The KgU's "dumb scheme", intending to use poison in their struggle, gave the group a "poison problem" that would haunt them. Plans, which came out at the Kaiser and Burianek trials, involving incendiary devices and suitcase bombs were one thing; but by concentrating the attention of the court (and of those reporting it) on the possible uses of Kaiser's 25gm of nerve agent, the East German Prosecutor was able to destroy sympathy and trust for the KgU, on account of the resistance tactics they were evidently willing to contemplate, across western public opinion. East German propaganda used these high-profile show trials to criminalize all sorts of opposition: the US Intelligence services were always behind the conspiracies "proven".

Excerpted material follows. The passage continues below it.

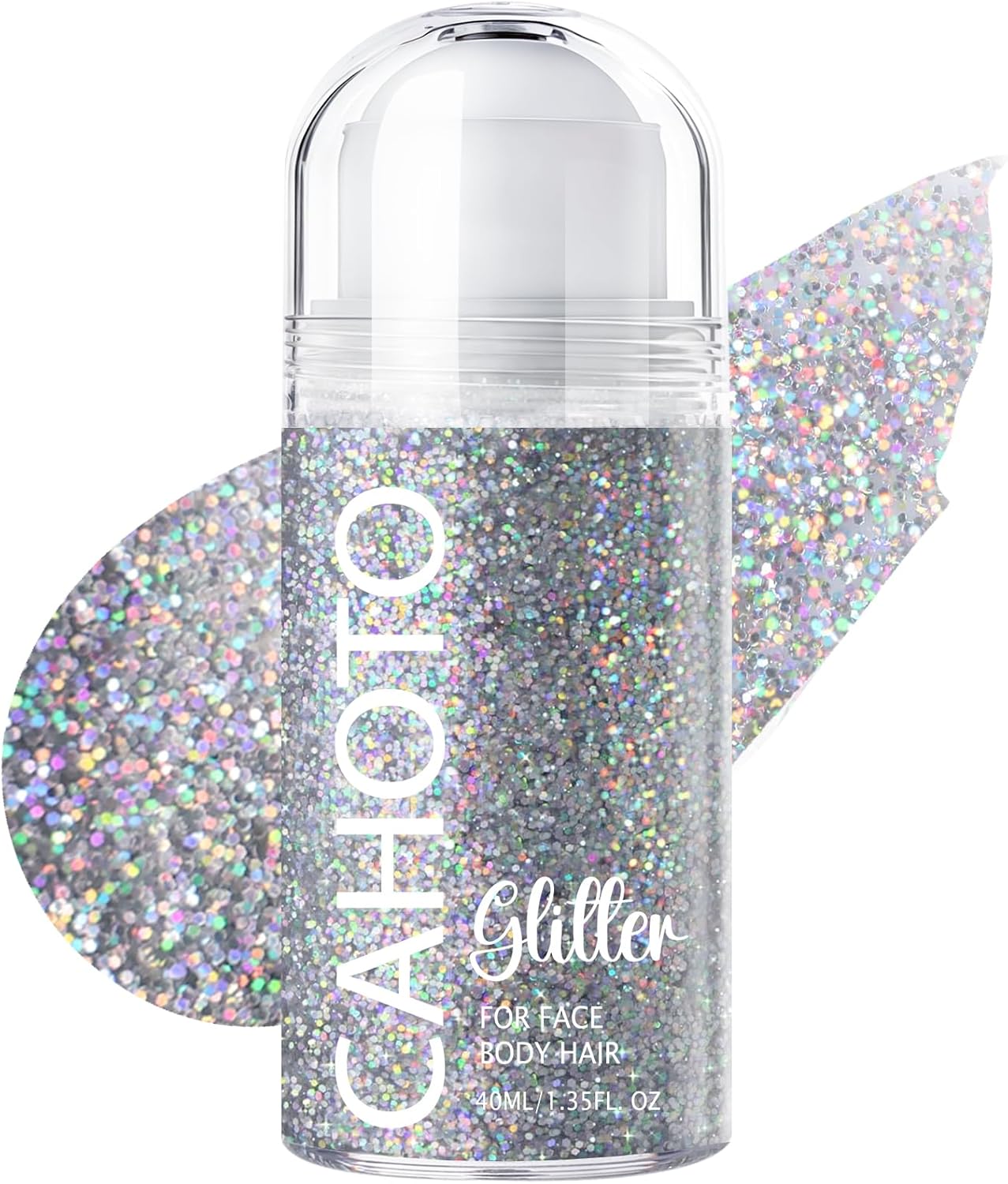 Silver Rolling Glitter for Face Body & Hair, Sparkling Holographic Shimmer, Roll-on Sequins for Singer Concert Rave Festival Halloween Party Carnival, 1.35fl.oz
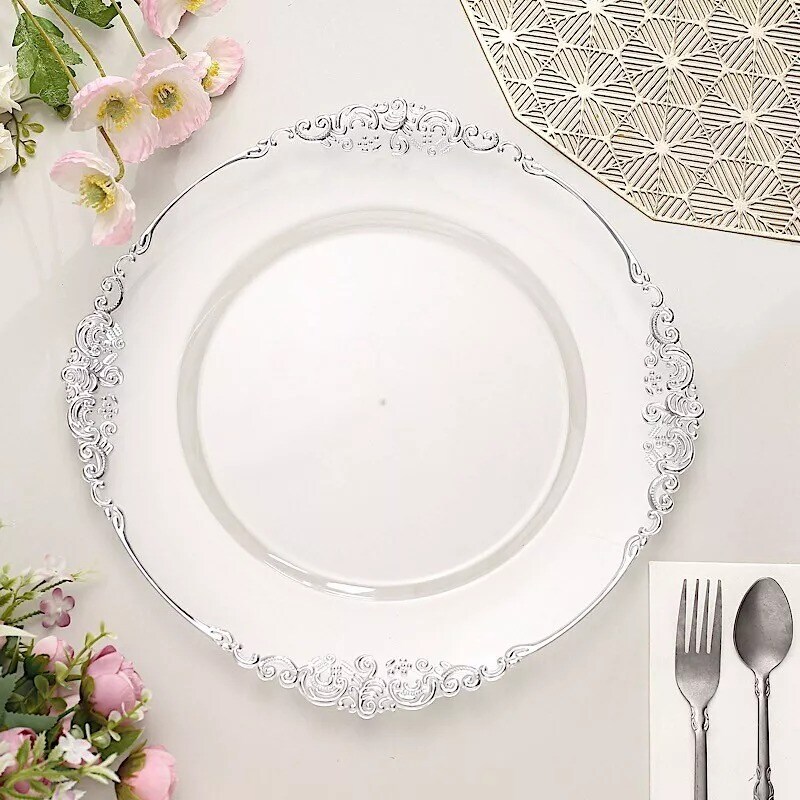6 CLEAR 13&#x22; Round with SILVER Embossed Rim Charger Plates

The Party journalist-politician Albert Norden described West Berlin as a "vipers' nest", that provided the gangsters, who "want to make the lives of the Germans hellish" ("die das Leben der Deutschen zur Hölle machen sollen"). The ruling SED (party) developed a scapegoat theory which traced the country's economic difficulties, its failings, and even the uprising of 17 June 1953 back to the show trials of 1952.

It was not till 3 June 1954, during preparations for the first anniversary of the 1953 uprisings, that a Stasi spokesman mentioned Wolfgang Kaiser's execution. He did not say exactly when it had taken place.